Jack Sell of the PPG wrote the following of his play.
“[He] kept the sailing leather far over the head of the safety man or out of reach to his right or left…”
That “safety man” was Hall of Famer Cliff Battles, shut down that day by Pittsburgh. Vidoni and Sortet got the bulk of the credit.
According to dual reports by the local papers, there’s also some history to fill in the blanks of. Zaninelli recorded an 80 yard punt. Booting from his own 19, the ball sailed over Battles’ head, touched down at the 13, and then rolled two feet shy of the goal line. Assuming that’s accurate, and there’s no reason to doubt it, it’s the second longest punt in franchise history, beating out Jordan Berry and Drew Butler, tied for “second’ place with 79 yarders. It’s only two yards behind the record holder Joe Geri.
Officially, such a punt isn’t listed because most data from then in scarce. But it should be in the record books. The Press also commended Zaninelli for a “bang-up defensive game.”

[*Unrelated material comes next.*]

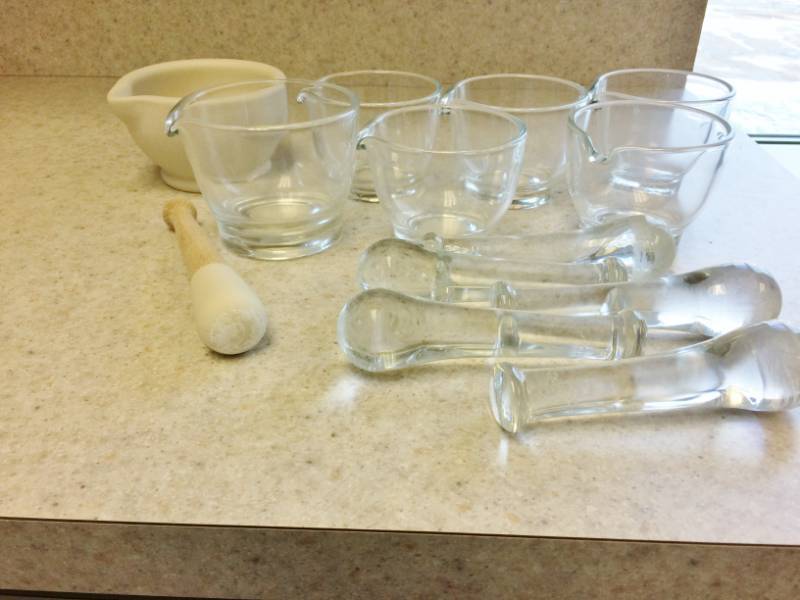 lot 82 image: Lot Of Pharmacy Or Kitchen GlassCeramic Mortar & Pestles - Used For Grinding - Excellent Condition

Victory came on a day where the offense recorded just one first down, a 37 yard completion to Casper. That drive ended in an interception. Good field position came from special teams and defense; Levey had a long punt return and Rado recovered a Battles’ fumble on Boston’s 40. That set up each field goal.
There was one penalty the entire game, offsides on Boston.
Boston had one final chance, throwing a Hail Mary on the Pirates’ 48 on the final play. It fell incomplete and with the victory, Pittsburgh moved into second place in the Eastern Division, trailing only the Giants.
Game #8: November 3rd, 1935 – Brooklyn Dodgers (13-7 Loss)
Over 13,000 fans showed up, per the Post Gazette. Two potential firsts in this one. The first “what is a catch” and the first “Johnny Cueto” moment. Here’s what happened.
Stan Olejniczak Jersey Retro
Dodgers’ receiver Wayland Becker (love these names) caught a pass in the right corner of the end zone. But press reports say his right foot was clearly out of bounds, on the white chalk line, meaning it should’ve been incomplete. The ref ruled it a touchdown, leading to an argument from Pittsburgh. The call, of course, stood (Mike Carey said it was incomplete).
But the fans heckling and the yelling from the players apparently got in the refs head and he spotted the ball incorrectly on the following drives, off by a good five yards. The “stands roared,” according to the paper.
Awesome picture, one photographer capturing the controversial play.